How important was the Battle of Manzikert in 1071 to the Rise of the Seljuk Turks?

How important was the Battle of Manzikert in 1071 to the Rise of the Seljuk Turks?

By Amanda Mazur

Published Online (2010)

In this 15th-century French miniature depicting the Battle of Manzikert, the combatants are clad in contemporary Western European armour.

Introduction: A truly decisive battle, Manzikert broke the Byzantine border defenses, opened Anatolia to Turkic in-migration and so launched a new phase in the expansion of the frontiers of Islam.

During the latter years of the 11th Century, the Byzantine Empire was in a state of constant flux. The successive reigns of the Macedonian dynasty had pushed the boundaries of the Empire to their furthest geographical extent since Justinian the Great had reconquered Italy and North Africa in the sixth century. The Empire now stretched from Dalmatia in the west, incorporating the whole of the Balkans, to Antioch in Syria in the south, and all of Anatolia to Armenia in the east. The aforementioned quote, taken from C.V. Findley’s The Turks in World History concisely demonstrates the importance that this day had on the Byzantines, and how in essence, this one battle can be seen as the starting point for the Turk’s increasingly successful military drive westwards.

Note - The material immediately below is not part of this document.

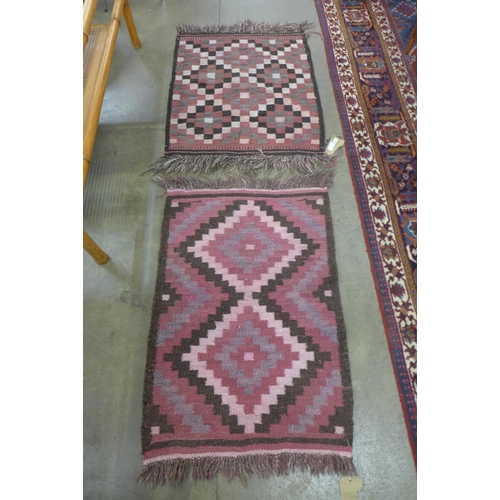 111 - A pair of Kilim geometric pattern rugs, 100 x 60cm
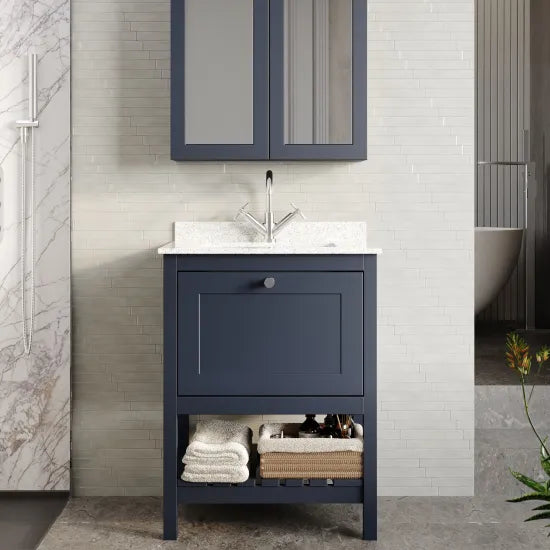 Old London Bexley 600mm Indigo Blue 1 Drawer Floor Standing Vanity Unit With 1 Tap Hole Marble Worktop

Various incursions by surrounding forces were descending deeper into the Empire. In the East, the Turks were gaining territory through Anatolia, whilst the Normans under the watch of Robert Guiscard were slowly capturing any remaining footholds within Southern Italy. It was not just foreign expeditions which were leading to this demise; the constant internal strife between the military and civil aristocracy was creating divides between the leading families, and as such, much of the army was based on mercantile “thematic” troops, who were drawn from the furthest parts of the Empire, and as such held allegiances that could be easily swayed by better fiscal offers. The Seljuk Turks, from their first appearance at the end of the tenth century were known primarily for their military prowess, and as a nomadic people they had little regard for the niceties of land-ownership.